Bette Davis é indiscutivelmente uma grande atriz, mas eu sempre tive uma pinimba qualquer com ela, que se foi acentuando com os anos e os maus diretores que a tireoideana, sacro-ilíaca, psíquica "estrela" andou pegando de um bocado para cá. Nunca deixei, no entanto, de admirá-la quando, em performances notáveis como as que deu em A carta ou Little Foxes, que se não me engano passou aqui com o nome de Vaidosa, ela, mais controlada, resolvia em tensão íntima a sua fabulosa naturalidade física de movimentação - coisa que, de resto, deu margem a que fosse um dos motivos prediletos dos imitadores de palco. Eu vi um famoso impersonator americano "bettedavizar" Bette Davis de modo tão genial que, visse-o a atriz, creio que ela se sentiria como diante de um espelho. 

Esses vícios de ação, Bette Davis em geral resolve-os com um bom diretor. William Wyler, que a andou dirigindo por uns tempos, ajustou-a formidavelmente ao seu estilo diretorial, discreto e tenso a um tempo - e agora eu vejo com agrado que Curtis Bernhardt compreendeu também com grande inteligência o problema que ela representa como atriz. Porque com Bette Davis é preciso cortar-lhe um pouco as asas, mas sem ferir fundamentalmente isso que constitui o seu gênio próprio - a sua dinâmica física. 

Neste filme Depois da tormenta, Bette Davis dá mostras sobejas dessa dinâmica.

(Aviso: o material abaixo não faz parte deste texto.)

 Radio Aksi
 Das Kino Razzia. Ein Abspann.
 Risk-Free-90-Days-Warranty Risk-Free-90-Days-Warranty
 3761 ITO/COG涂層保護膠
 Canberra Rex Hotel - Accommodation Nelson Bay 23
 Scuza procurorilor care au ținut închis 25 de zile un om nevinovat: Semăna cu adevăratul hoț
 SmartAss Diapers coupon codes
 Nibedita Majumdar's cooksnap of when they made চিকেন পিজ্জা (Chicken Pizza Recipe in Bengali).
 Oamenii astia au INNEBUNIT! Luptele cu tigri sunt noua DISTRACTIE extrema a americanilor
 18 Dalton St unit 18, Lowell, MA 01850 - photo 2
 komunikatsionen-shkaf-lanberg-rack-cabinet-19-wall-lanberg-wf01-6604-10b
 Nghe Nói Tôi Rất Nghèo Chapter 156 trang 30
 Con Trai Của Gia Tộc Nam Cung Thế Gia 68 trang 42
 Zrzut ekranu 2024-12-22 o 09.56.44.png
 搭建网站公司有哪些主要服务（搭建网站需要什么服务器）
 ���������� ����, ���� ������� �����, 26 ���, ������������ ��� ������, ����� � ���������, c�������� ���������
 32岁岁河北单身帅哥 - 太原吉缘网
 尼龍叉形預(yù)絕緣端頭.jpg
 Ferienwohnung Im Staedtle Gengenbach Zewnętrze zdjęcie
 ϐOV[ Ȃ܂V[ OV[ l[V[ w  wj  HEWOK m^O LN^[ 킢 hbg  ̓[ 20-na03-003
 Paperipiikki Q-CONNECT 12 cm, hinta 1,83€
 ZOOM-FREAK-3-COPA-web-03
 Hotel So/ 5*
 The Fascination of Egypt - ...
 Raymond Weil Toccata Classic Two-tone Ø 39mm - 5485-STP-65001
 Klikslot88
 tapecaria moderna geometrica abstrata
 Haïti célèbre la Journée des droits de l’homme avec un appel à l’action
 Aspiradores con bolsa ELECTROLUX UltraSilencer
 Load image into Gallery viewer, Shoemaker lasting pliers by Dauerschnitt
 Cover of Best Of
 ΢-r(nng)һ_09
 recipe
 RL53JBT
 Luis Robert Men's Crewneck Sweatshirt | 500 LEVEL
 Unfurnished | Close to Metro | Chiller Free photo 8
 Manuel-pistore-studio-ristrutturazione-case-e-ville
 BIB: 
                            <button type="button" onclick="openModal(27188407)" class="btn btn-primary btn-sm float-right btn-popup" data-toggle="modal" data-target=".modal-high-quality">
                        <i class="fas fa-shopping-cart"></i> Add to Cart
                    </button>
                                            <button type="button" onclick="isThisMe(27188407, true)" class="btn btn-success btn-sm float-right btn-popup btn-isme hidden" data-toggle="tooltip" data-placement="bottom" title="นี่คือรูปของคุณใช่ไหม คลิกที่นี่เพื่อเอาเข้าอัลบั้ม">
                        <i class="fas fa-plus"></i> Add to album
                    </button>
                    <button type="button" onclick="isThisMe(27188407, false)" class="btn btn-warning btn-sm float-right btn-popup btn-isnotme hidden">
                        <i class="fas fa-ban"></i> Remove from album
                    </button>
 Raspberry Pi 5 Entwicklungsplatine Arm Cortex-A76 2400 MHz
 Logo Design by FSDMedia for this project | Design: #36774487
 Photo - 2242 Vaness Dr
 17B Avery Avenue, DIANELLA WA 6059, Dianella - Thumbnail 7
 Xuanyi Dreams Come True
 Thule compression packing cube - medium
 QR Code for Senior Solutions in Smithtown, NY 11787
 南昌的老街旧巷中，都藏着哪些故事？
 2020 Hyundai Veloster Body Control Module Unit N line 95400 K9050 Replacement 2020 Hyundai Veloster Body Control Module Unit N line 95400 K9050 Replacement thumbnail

Seu trabalho é vivo e ágil - tanto que achata completamente a interpretação dos demais atores, o que a deixa soberana em cena. Eu estou longe de concordar com alguns de meus colegas de crítica que Depois da tormenta seja um grande filme. Para mim é apenas um bom filme, que cumpre com dignidade a sua função e expõe o problema da separação conjugal sem mentir à vida. A história tem uma pungência especial que o diretor soube levar muito bem, pois ela não está "na cara da criança", para usar a expressão de uma amiga minha; isto é, não é obviamente, situa-se num plano mais recuado, deixando à ação cinematográfica a incumbência de a ir desencadeando naturalmente. 

Bette Davis fez, não há dúvida, uma grande rentrée, que muito provavelmente lhe valerá o Oscar para 1951. Apesar da maneira um pouco teatral com que Bernhardt narra a sua trama, certos recursos roubados ao teatro são de bom efeito, como as aberturas de cena cada vez que Bette Davis rememora o passado conjugal, em que o décor tem um valor de puro teatro. O processo do flashback, pelo qual eu tenho uma certa antipatia, é usado aqui de maneira inteligente. A fotografia é boa, e o som esplêndido. A voz fabulosa de Bette Davis é às vezes trazida para planos mais próximos do que os reais com um resultado espantosamente feliz - o que constitui um excelente emprego cinematográfico de som. Porque negócio de som em cinema... É, mas eu não vou enveredar por esse caminho, não, porque uma vez já fiz isto e deu pano para mangas.